LOCKPORT – A former Lutheran school music teacher convicted in 2005 of having sex with an underage girl over several years will get a new trial because of errors by the judge and his defense attorney.
The State Court of Appeals ruled unanimously last week that a conflict of interest existed for Michael J. Solomon’s lawyer, because she was representing, in a civil matter, the police officer who testified that Solomon had confessed to the sex crimes against the girl. That conflict wasn’t adequately waived, the state’s highest court said.
The ruling cancels the 32-year prison sentence imposed by then-Niagara County Judge Peter L. Broderick Sr. A jury convicted Solomon of 23 counts, including rape, criminal sexual act, course of sexual conduct against a child and use of a child in a sexual performance. The latter charge resulted from taking pornographic photos of the girl, who was between the ages of 10 and 14 when Solomon was having sex with her.
Solomon, who turns 48 Friday, wouldn’t have been eligible for parole until 2033.
Solomon taught drums and trumpet for 11 years at Matt’s Music in North Tonawanda and also taught at two Lutheran schools, Holy Ghost in Wheatfield and St. John in North Tonawanda. The victim was not one of his students.
The new trial was ordered even though the strength of the evidence against Solomon was not questioned and even though the Court of Appeals acknowledged that defense attorney Michele G. Bergevin had done a good job cross-examining Detective Larry Kuebler of the North Tonawanda Police Department, her client in the civil case.
“The Court of Appeals now says in a situation like this, [Solomon] doesn’t have to prove prejudice. It’s an automatic reversal,” Niagara County Assistant District Attorney Thomas H. Brandt said.
“I thought it was inevitable. They really had to reverse,” said Mark J. Mahoney, the Buffalo lawyer who argued Solomon’s appeal. “It was a serious violation of a well-established rule about what the judge is supposed to do when a defense attorney has a conflict of interest.”
According to the Court of Appeals ruling, Solomon told Kuebler and Detective Karen Smith that he had sex with the girl once. A hearing was held to determine whether that statement was admissible.
On the day of the hearing, Bergevin told Broderick in court about her conflict of interest regarding Kuebler. She said she told Solomon about the situation, and Solomon “has agreed to waive any conflict in that regard.”
“Is that correct, Mr. Solomon?” Broderick asked.
“Yes, sir,” the defendant answered.
Nothing more was said about it, and the Appellate Division of State Supreme Court upheld the conviction in 2010, finding that even though the waiver of the conflict was inadequate, Solomon didn’t show that it harmed his defense.

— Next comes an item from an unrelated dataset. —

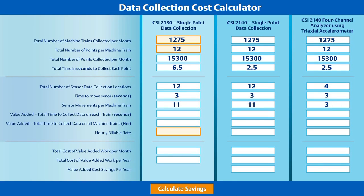So exactly how much faster are we able to collect data with a CSI 2140 and triaxial accelerometer? First, we multiply the number of points per machine by the number of seconds required to collect that point. Next, we multiply the three seconds required to move the sensor by the number of moves required. The sum of these two numbers is converted from seconds to hours for an easy-to-understand picture of the amount of time required to collect the data from 1,275 machine trains.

But the Court of Appeals ruled that Broderick should have taken more time to discuss with Solomon, on the record, the risks involved in having a lawyer who was simultaneously representing a prosecution witness in another case.
“The court rule is such that it does put the burden on the judge,” Mahoney said. “There’s no way a defense attorney should have taken on a police officer witness as a client without thoroughly going over it with the [defendant] and spreading on the record the reasons why this was not a problem.”
Bergevin declined to comment on the ruling. Mahoney said there is a possibility he will represent Solomon in the retrial, but that hasn’t been settled.